Data in this exercise:
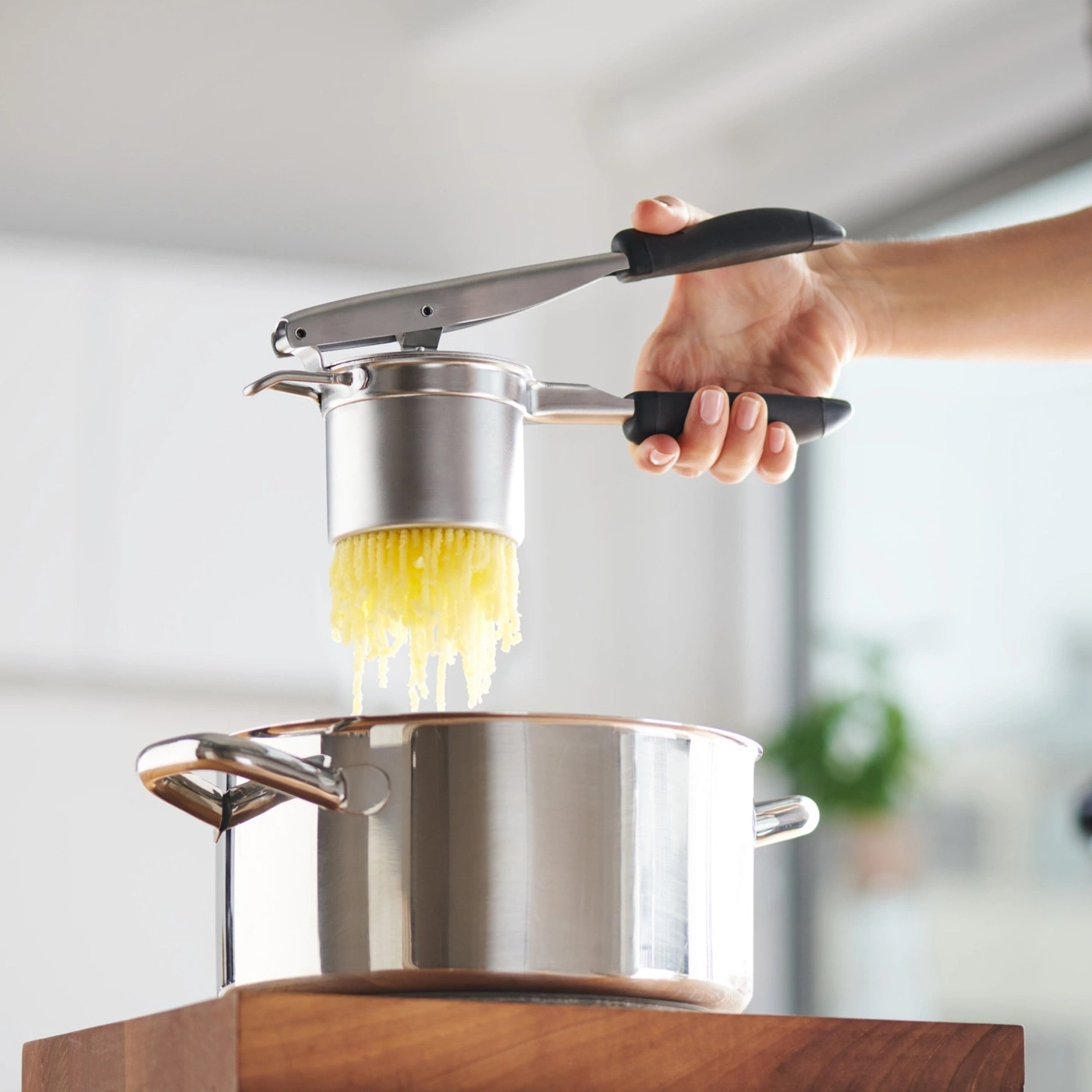 Kartoffelpresse über Topf, Kartoffeln werden gepresst, Küche, Kochen, Essen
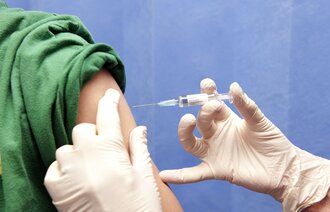 Bildet viser en vaksine som blir satt i en overarm.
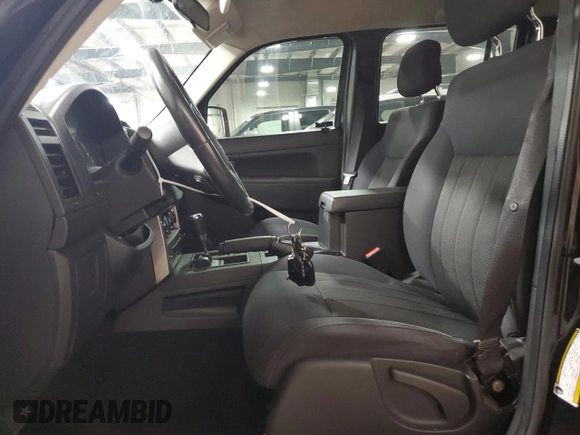 2011 Jeep Liberty Sport with VIN 1J4PN2GK5BW521504, listed as a Copart auction lot 53458415 with 106,120 mi miles and Salvage Title. Bid and sale history available at carsss.com. Image 7.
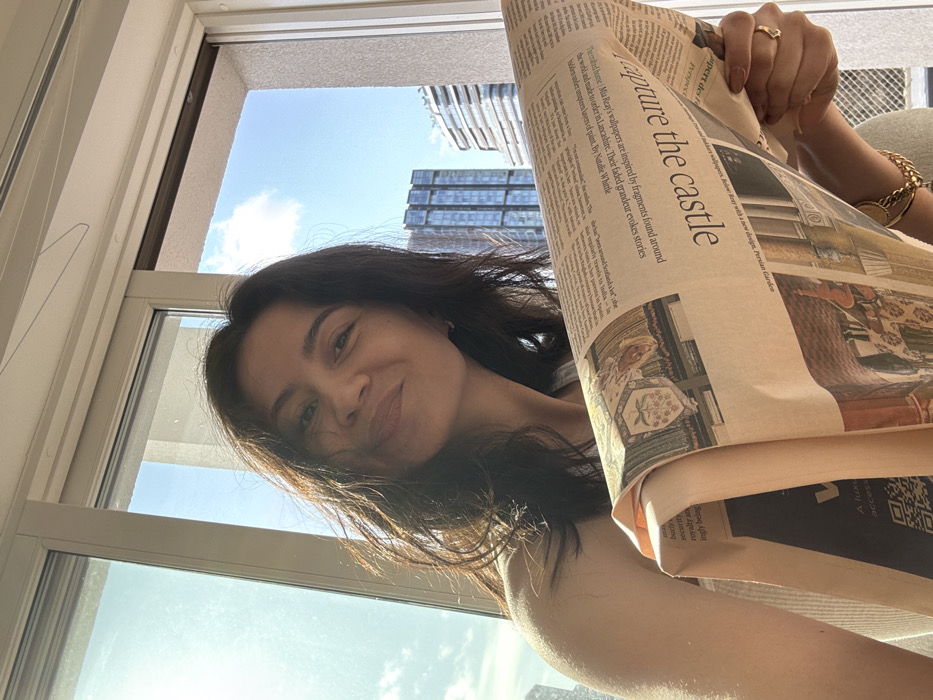 The image depicts an adult female indoors, positioned in front of a large window, smiling directly at the viewer. She has medium-length dark hair and wears a light-colored top. Her left hand, adorned with a gold-colored ring on the fourth finger and a gold-colored chain bracelet, holds a large-format newspaper. The newspaper, light brown in tone, features the headline "Capture the castle," an article about "Mia Perry's wallpapers" by Natalie Whittle, and an illustration of a historical tapestry or crest. A QR code is visible on the lower left portion of the newspaper.
The background through the window reveals a clear blue sky with scattered white clouds and an urban cityscape under bright daylight. Prominently featured on the left is One Blackfriars, a tall, dark, reflective glass skyscraper known as The Vase. To the right of One Blackfriars and further in the distance, another lighter-colored building with a multi-layered or wavy facade is visible.
Based on the identifiable landmarks, specifically One Blackfriars, the scene is located on the north bank of the River Thames, within the **City of London, United Kingdom**, with the view looking south-west towards the South Bank in the borough of Southwark.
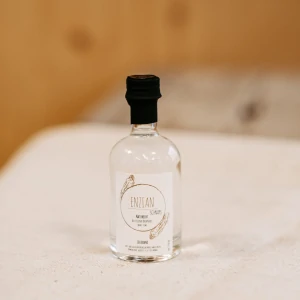 Kleine Flasche Enzianschnaps auf Holztisch, regionale Spezialität aus dem Lungauer Speis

What you have to do:
Lines from the one containing "Based on the" through the final line of the entries above are to be retyped exactly, with every picture left out.

Solution to the exercise:
Based on the identifiable landmarks, specifically One Blackfriars, the scene is located on the north bank of the River Thames, within the **City of London, United Kingdom**, with the view looking south-west towards the South Bank in the borough of Southwark.
 Kleine Flasche Enzianschnaps auf Holztisch, regionale Spezialität aus dem Lungauer Speis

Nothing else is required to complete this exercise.